• Task requirements
All lines below must be repeated exactly, with the pictures omitted.

(Dataset excerpts Opens)

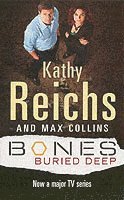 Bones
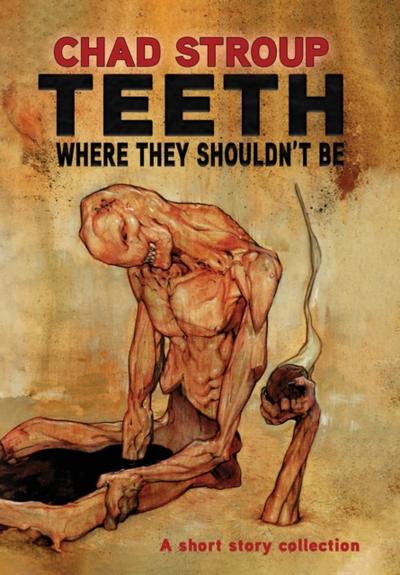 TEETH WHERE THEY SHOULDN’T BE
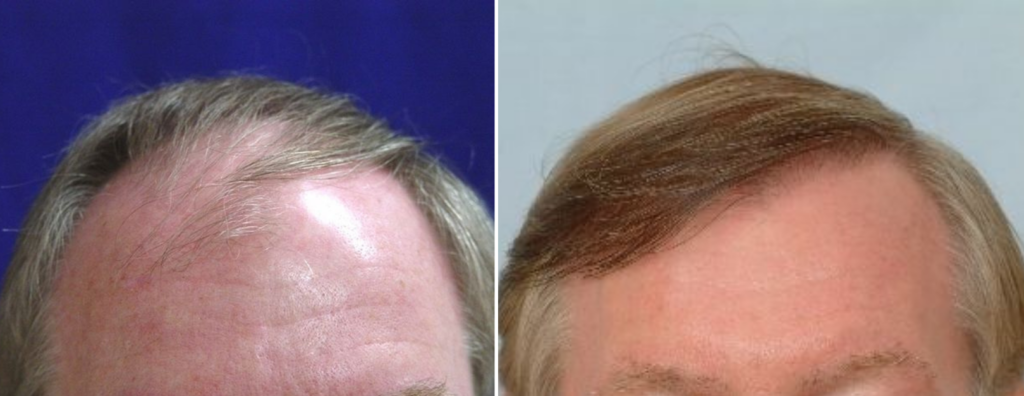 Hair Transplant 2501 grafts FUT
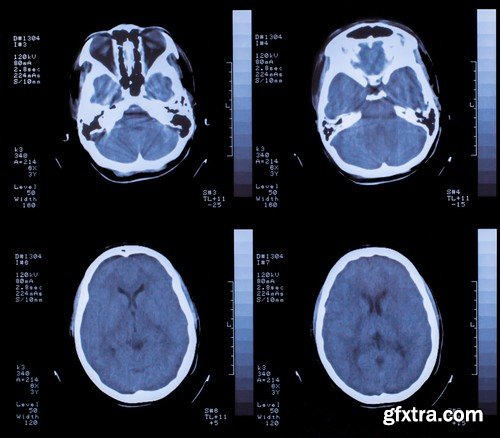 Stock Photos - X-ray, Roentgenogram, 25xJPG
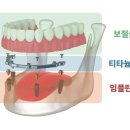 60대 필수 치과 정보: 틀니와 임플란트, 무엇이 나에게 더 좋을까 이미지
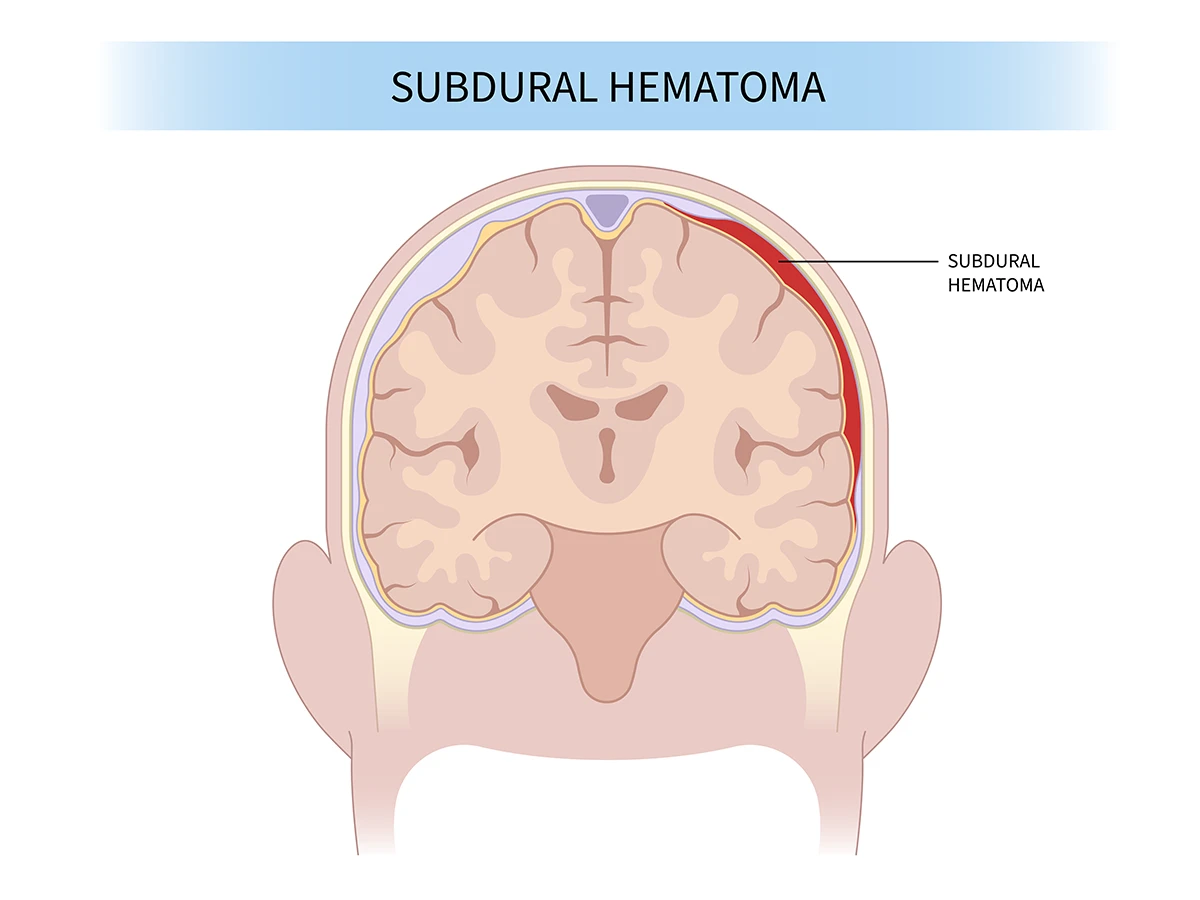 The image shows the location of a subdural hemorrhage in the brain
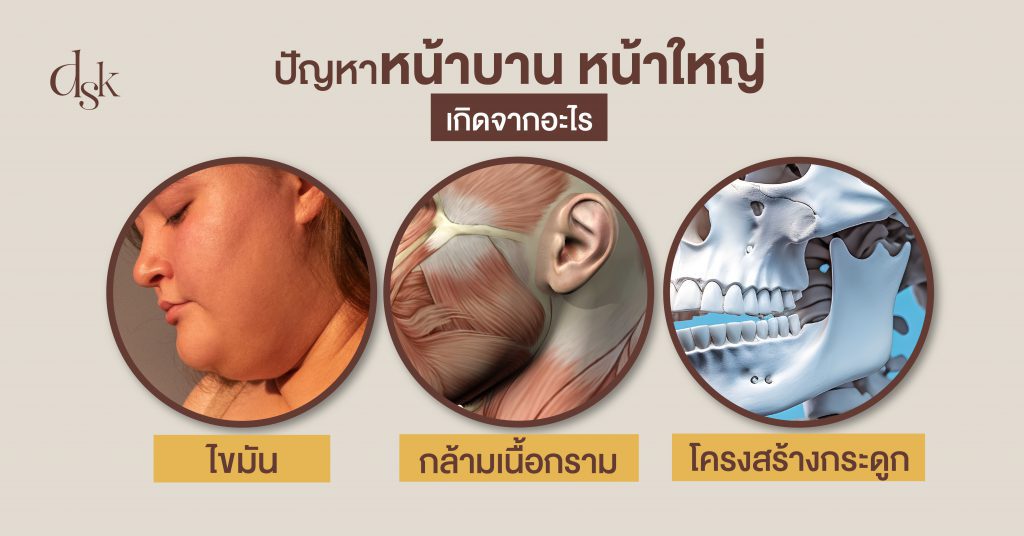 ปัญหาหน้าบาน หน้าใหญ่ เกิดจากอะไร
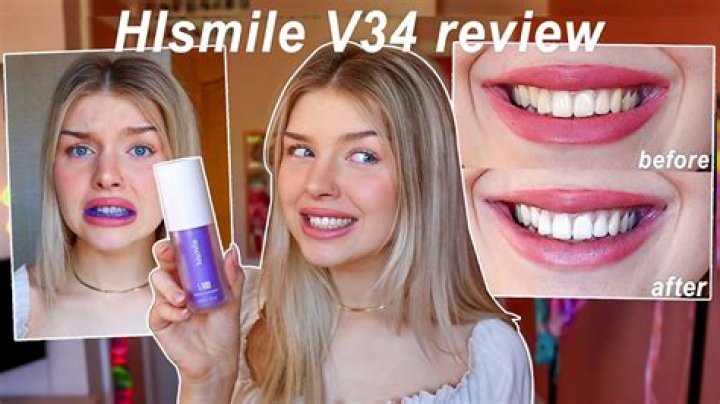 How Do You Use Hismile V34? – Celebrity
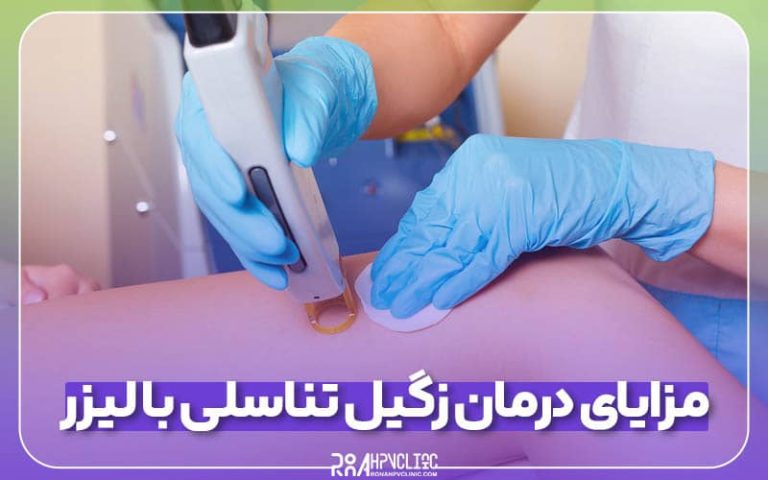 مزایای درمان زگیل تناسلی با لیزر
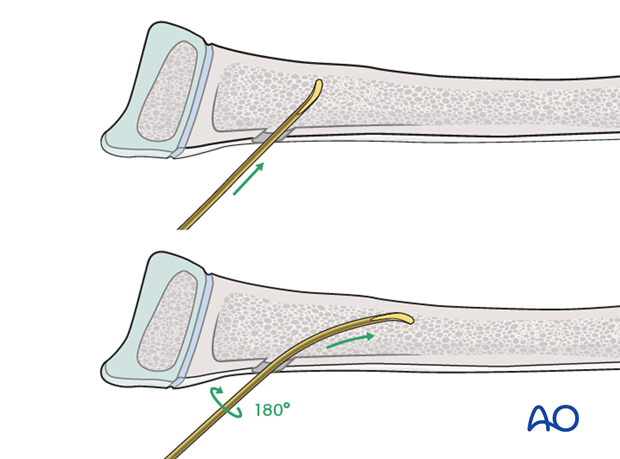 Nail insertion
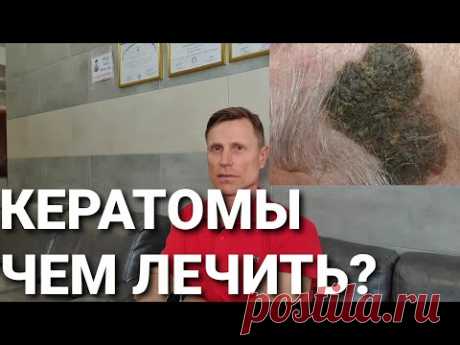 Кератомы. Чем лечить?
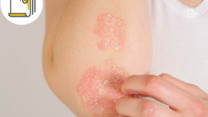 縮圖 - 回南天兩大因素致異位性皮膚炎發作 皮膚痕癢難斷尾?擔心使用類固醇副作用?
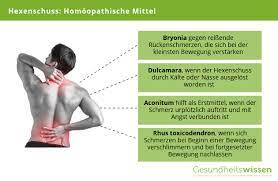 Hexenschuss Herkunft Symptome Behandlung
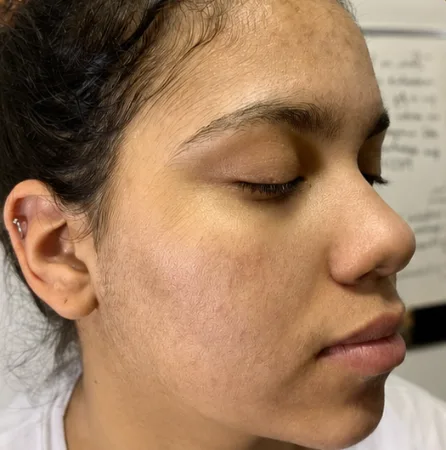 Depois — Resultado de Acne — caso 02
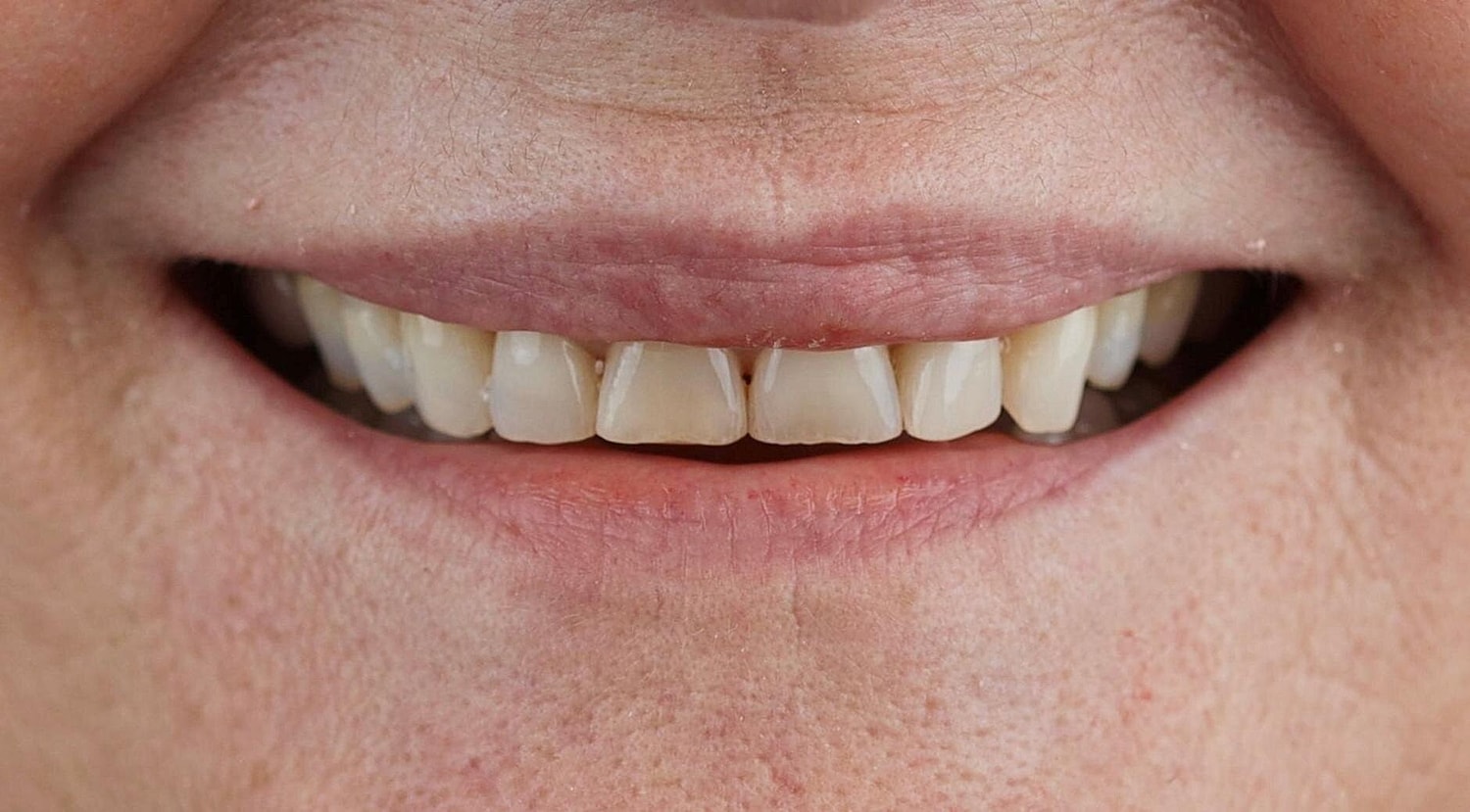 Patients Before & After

(Dataset excerpts Closes)

• Answer to this task
 Bones
 TEETH WHERE THEY SHOULDN’T BE
 Hair Transplant 2501 grafts FUT
 Stock Photos - X-ray, Roentgenogram, 25xJPG
 60대 필수 치과 정보: 틀니와 임플란트, 무엇이 나에게 더 좋을까 이미지
 The image shows the location of a subdural hemorrhage in the brain
 ปัญหาหน้าบาน หน้าใหญ่ เกิดจากอะไร
 How Do You Use Hismile V34? – Celebrity
 مزایای درمان زگیل تناسلی با لیزر
 Nail insertion
 Кератомы. Чем лечить?
 縮圖 - 回南天兩大因素致異位性皮膚炎發作 皮膚痕癢難斷尾?擔心使用類固醇副作用?
 Hexenschuss Herkunft Symptome Behandlung
 Depois — Resultado de Acne — caso 02
 Patients Before & After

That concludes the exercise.